On réduit souvent le designer Verner Panton à une esthétique pop et joyeuse. En réalité, il abordait la couleur avec une approche quasi scientifique.

Très tôt, Panton s’intéresse à la perception et mène brièvement des recherches en psychologie. Selon lui, le cerveau réagit à la couleur sur deux plans : le néocortex, qui analyse, et le système limbique, qui ressent. Sa conviction étant que le design moderne cherche trop souvent à plaire au premier et pas assez à toucher le second.

Notes on Colour : la couleur n’est pas un pari décoratif

La couleur est un sujet qui a traversé toute sa carrière. En 1997, un an avant sa mort, il consacre même un court ouvrage au sujet : Notes on Colour.
Au fil des pages, il insiste sur le fait que la couleur n’est pas un simple pari décoratif. Elle agit sur notre perception, nos humeurs et notre attention. Panton affirme d’ailleurs « On s’assoit plus confortablement sur une couleur que l’on aime ».

Le “goût” comme apprentissage du neutre

Il va plus loin en pointant ce qu’il appelle une erreur collective : “À la maternelle, on apprend à aimer et à utiliser les couleurs. Plus tard, à l’école et dans la vie, on apprend quelque chose qu’on appelle le goût. Pour la plupart des gens, cela signifie limiter l’usage des couleurs.”
Autrement dit… On apprend à se retenir et à préférer le neutre pour éviter toute prise de risque.

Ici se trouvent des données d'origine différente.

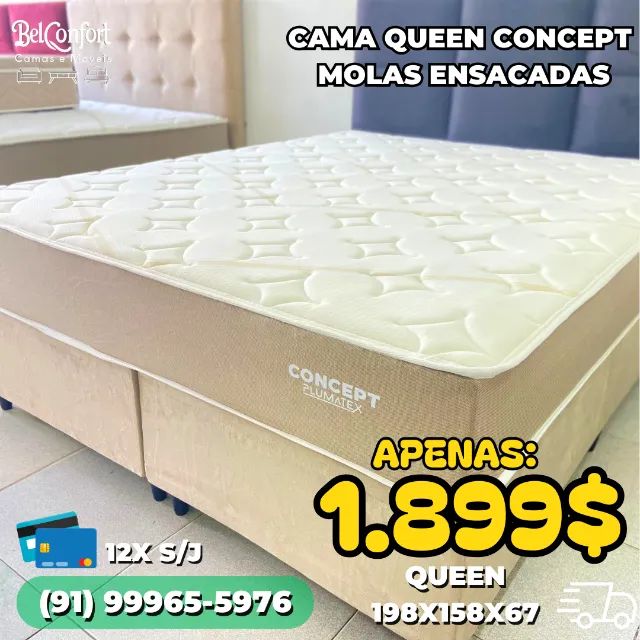 CAMA QUEEN CONCEPT MOLAS ENSACADAS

Pour Panton, il ne s’agit pas de simplement mettre de la couleur partout mais de l’utiliser comme un outil de conception : un moyen d’orienter l’expérience et l’usage.

Visiona II : la création d’une ambiance chromatique

Parmi les projets les plus révélateurs de son approche : l’installation Visiona II en 1970. Panton met en scène des environnements monochromes, des dégradés, des volumes enveloppants. Le visiteur entre dans une ambiance chromatique, où la couleur modifie la perception des distances et influence la manière dont le corps se déplace.

L’exposition Light and Colour, comme une synthèse de son travail

L’exposition Light and Colour, présentée au Trapholt Museum, au Danemark, quelques jours après sa disparition, agit comme une synthèse de l’ensemble de son œuvre.
Huit espaces monochromes se succèdent, dans un effet de tunnel presque infini. Le corps traverse des sensations de chaleur, de fraîcheur et de densité. La couleur devient matière première, Panton la fait véritablement ressentir.

La “taxe sur le blanc”, pour Panton, c’est une phrase provocatrice qui vient rappeler que le neutre rassure… mais qu’il anesthésie l’expérience.